# Vellus products



## Wyndward Havanese (May 9, 2008)

If any of you use the Vellus products, where do you get it? I used to be able to get it from a local dog show vendor that I saw often at shows when we lived in the midwest, but since I've been on the east coast, I've had a harder time finding it.
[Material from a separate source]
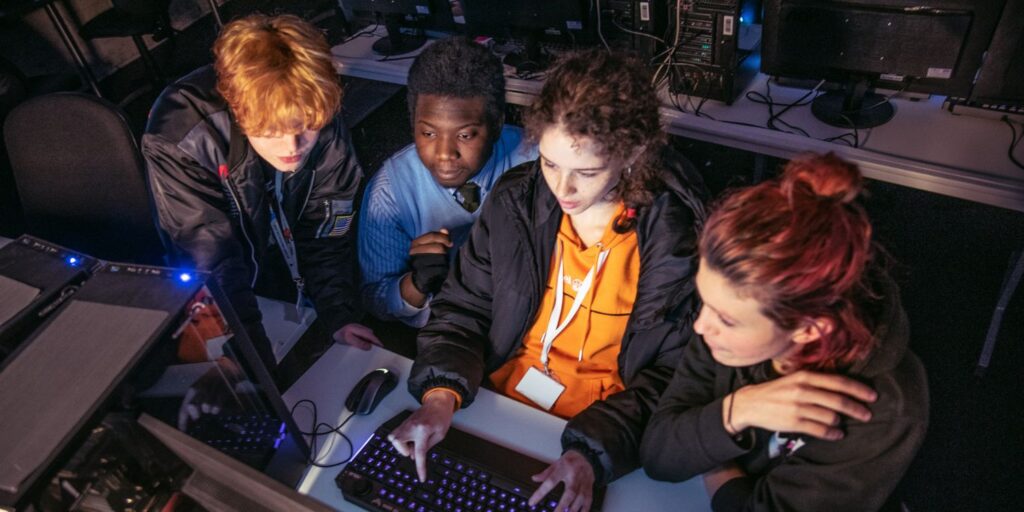 Games Jam attendees sat round computer at event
My little Saucy smells so good with the Plum Silky, but she'll need 'big girl' baths soon when she hits the show ring. 8)

Thanks in advance!!

Farah

www.WyndwardHavanese.com


----------



## Havtahava (Aug 20, 2006)

The only place I've seen Vellus is at dog shows too. I'll keep my eye open for it online. Have you tried going to Google and searching? Amazon.com may pull up some various vendors for you too.


----------



## mintchip (Apr 19, 2007)

try this
http://www.vellus.com/distributors_US.htm


----------



## Wyndward Havanese (May 9, 2008)

I'll try Amazon, and I've seen the Vellus site before. If you order directly from them their shipping is high. I was spoiled by getting it at shows and not paying shipping. The Cherrybrook store is only 15 minutes from here, and they don't carry it. 8( I should go in and tell them they should carry it!
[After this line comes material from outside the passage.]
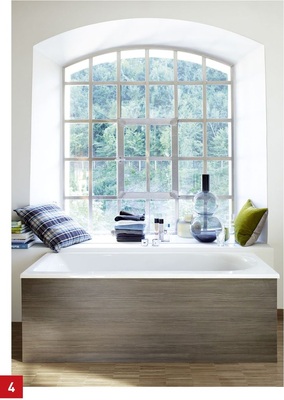 Kissen und Decken in Häkel- oder Strickoptik zaubern eine gemütliche Atmosphäre und liegen im Trend.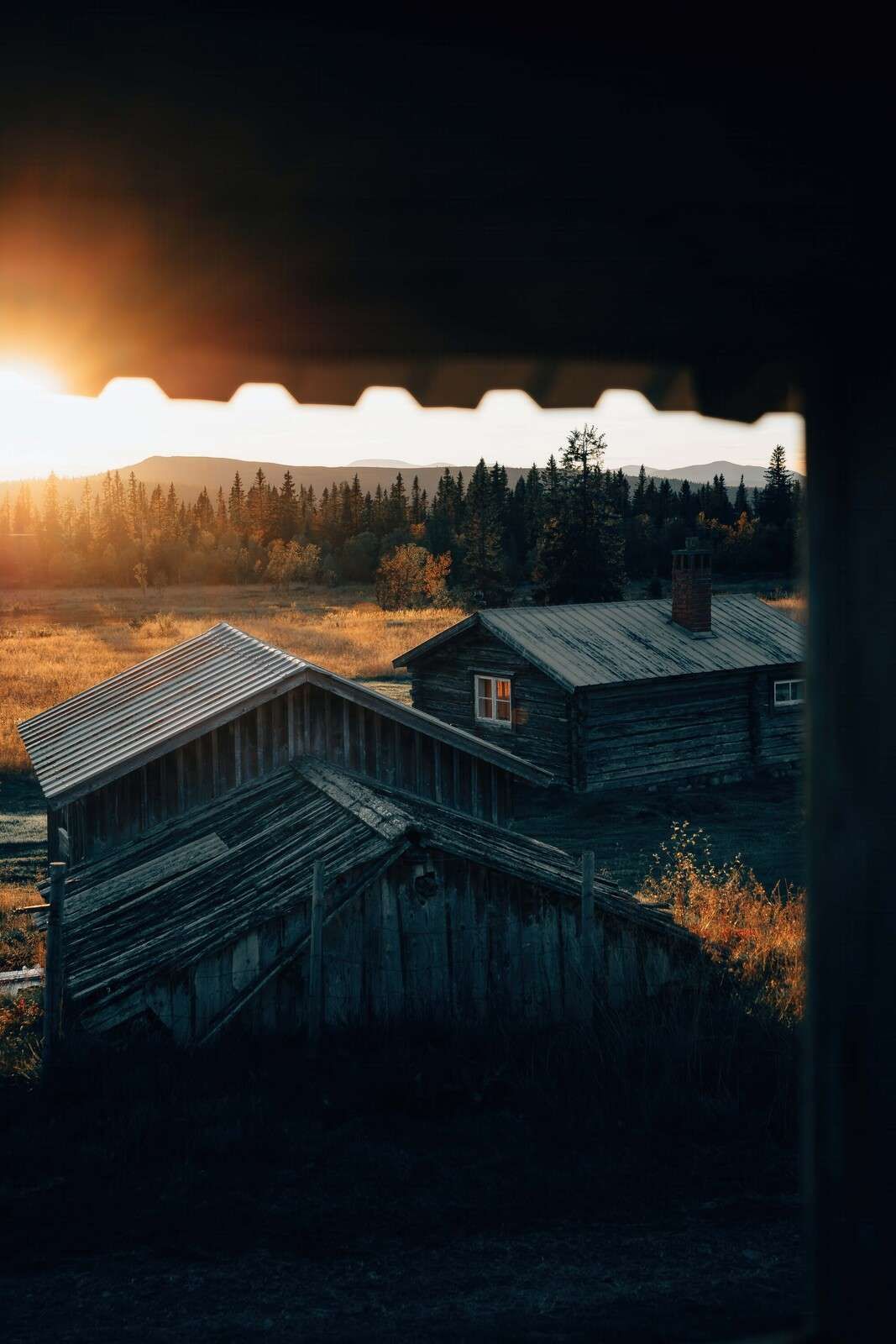 Wooden cabins at sunset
Thanks for the suggestions!!

Farah


----------



## EstrellaVila (Nov 30, 2007)

I have only gotten it online, the shipping is expensive, but as long as you dont tell DH....


----------



## Wyndward Havanese (May 9, 2008)

I was able to find a distributor in PA (a show pap breeder) and even ordering $100+ worth of stuff, the shipping was only $9.00. Thats pretty good!

Saucy won't be as excited as I will be when the box comes. 8)

Thanks again!

Farah


----------



## Missy (Nov 6, 2006)

so which one is the plum silky? wow so much less than the IOD!!! you guys like this line?


----------



## Havtahava (Aug 20, 2006)

Oh cool! Sounds like you found a good deal on it, Farah.


----------